How to Create a Puzzle Using Caesar Cipher

The Caesar cipher is perfect for beginner-friendly geocaching puzzles. Learn how to encode coordinates, add thematic hints, and create variations that keep solvers engaged.

Why Caesar Cipher?

The Caesar cipher shifts each letter by a fixed number of positions in the alphabet. It's ideal for puzzle creators because:

  • Accessible — Most cachers recognise it instantly
  • Flexible difficulty — Vary from easy (ROT13) to trickier shifts
  • Thematic potential — The shift number can tie into your cache theme
  • Quick to solve — Respectful of solvers' time

Step 1: Prepare Your Message

Decide what you want to encode. For geocaching puzzles, this is typically:

  • The final coordinates
  • A hint leading to the next stage
  • A word that completes a formula

Example plaintext:

NORTH FIFTY ONE DEGREES

Tip: Spell out numbers to make the cipher more interesting and avoid confusion with coordinates that mix letters and digits.

Step 2: Choose Your Shift Value

The shift value determines how many positions each letter moves. Consider these approaches:

ROT13 (Shift 13)

The most common choice.

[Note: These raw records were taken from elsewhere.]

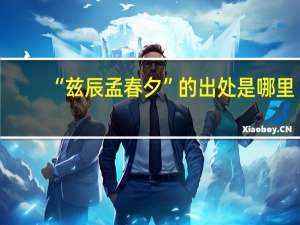 “兹辰孟春夕”的出处是哪里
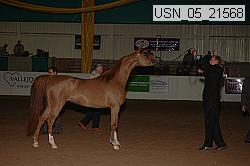 usn_05_21568 proof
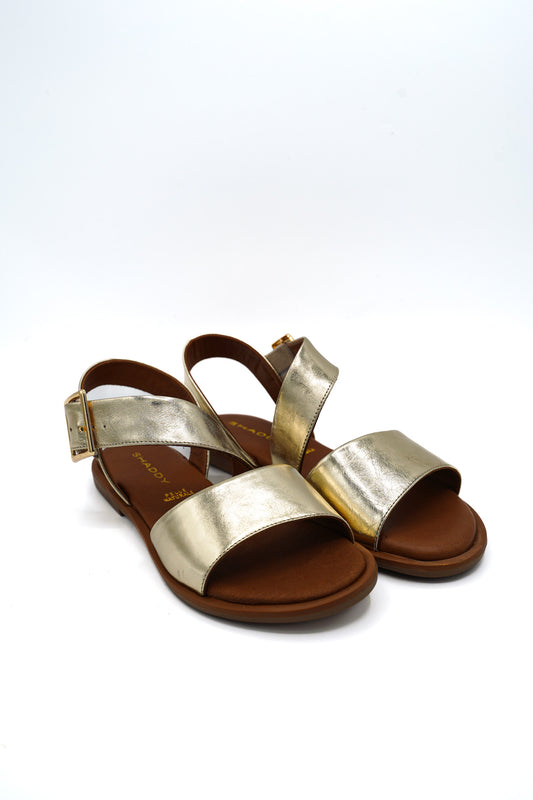 240300 SHADDY PRIM/EST 2026 IZMFOIL GOMM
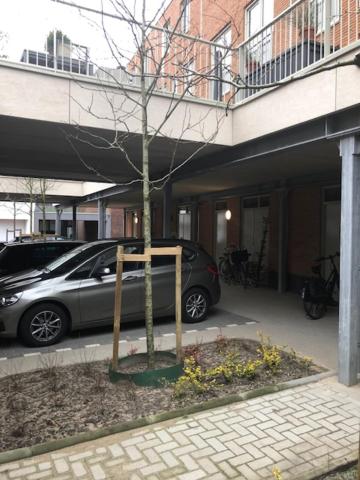 BenB Op de Trans, Arnhem op zijn best! - B&B Arnhem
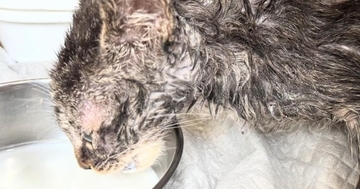 全身ベタベタでガリガリだった子猫が、１か月後…別猫のような『劇的なビフォーアフター』に感動の声「本当によかった」「めっちゃ可愛い」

Self-reversing, so encoding and decoding use the same operation.

Thematic Shift

Use a number meaningful to your cache: founding year, local landmark height, historical date.

Hidden in Plain Sight

Put the shift value in your cache description as a seemingly random number.

Example: If your cache is about Julius Caesar's invasion of Britain in 55 BC, use shift 5 (from 55) and mention the date in your description.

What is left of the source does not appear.